At the Extraordinary General Meeting, the following matters will be considered:

1. Opening of the meeting

2. Calling the meeting to order

3. Election of persons to scrutinize the minutes and to supervise the counting of votes

4. Recording the legality of the meeting

5. Recording the attendance at the meeting and adoption of the list of votes

6. Board proposal regarding reverse share split under Chapter 15 Section 9 of the Companies Act and the related share redemption in a proportion other than shareholders’ holdings

The Board proposes to the Extraordinary General Meeting that the number of company shares be decreased, without decreasing the share capital, by means of a reverse share split which merges ten (10) existing shares into one (1) new share for the purposes set out in Chapter 15 Section 9 of the Companies Act and in observance of the procedure specified therein. Prior to the reverse share split, the company will cancel shares that the company holds in such a manner that the total amount of shares in the company is divisible by ten (10). The purpose of the reverse share split is to improve share trading conditions and price formation, and to increase the value of individual shares. The Board therefore holds that the company has a weighty financial reason for the proposed reverse share split and related share redemption.

The reverse share split is proposed to be accomplished by redeeming from each shareholder a number of shares determined in accordance with a redemption ratio of 9/10, i.e. nine (9) out of every ten (10) shares will be redeemed. The shares in excess of the nearest integer divisible by ten (10) will additionally be redeemed from shareholders whose holding is not divisible by ten at the record date of the reverse share split (rounding). The number of shares shall be evaluated separately for each book-entry account.

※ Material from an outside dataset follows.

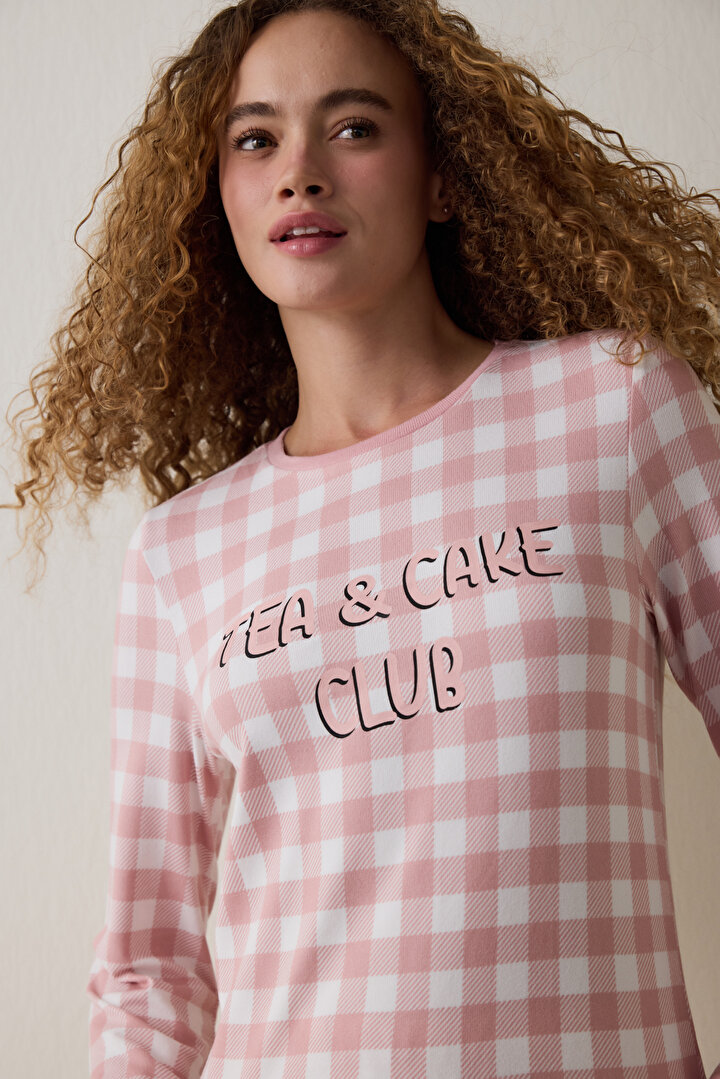 Pink Tea Club Plaid Crew Neck Pajama Set - 2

The redemption will be carried out without compensation, with the exception of the payment based on rounding as referred to in Chapter 15 Section 9 of the Companies Act. The redemption will be carried out as specified in the section referred to above in a proportion other than the shareholders’ holdings. Shares redeemed in connection with the reverse share split will be cancelled, with the exception of excess shares that are redeemed due to the rounding, combined with each other and sold. Subsequent to the reverse share split, the Company will without delay, on behalf of the shareholders concerned, sell in public trading as referred to in Chapter 1 Section 3 of the Securities Markets Act, the combined excess shares redeemable due to the aforementioned rounding.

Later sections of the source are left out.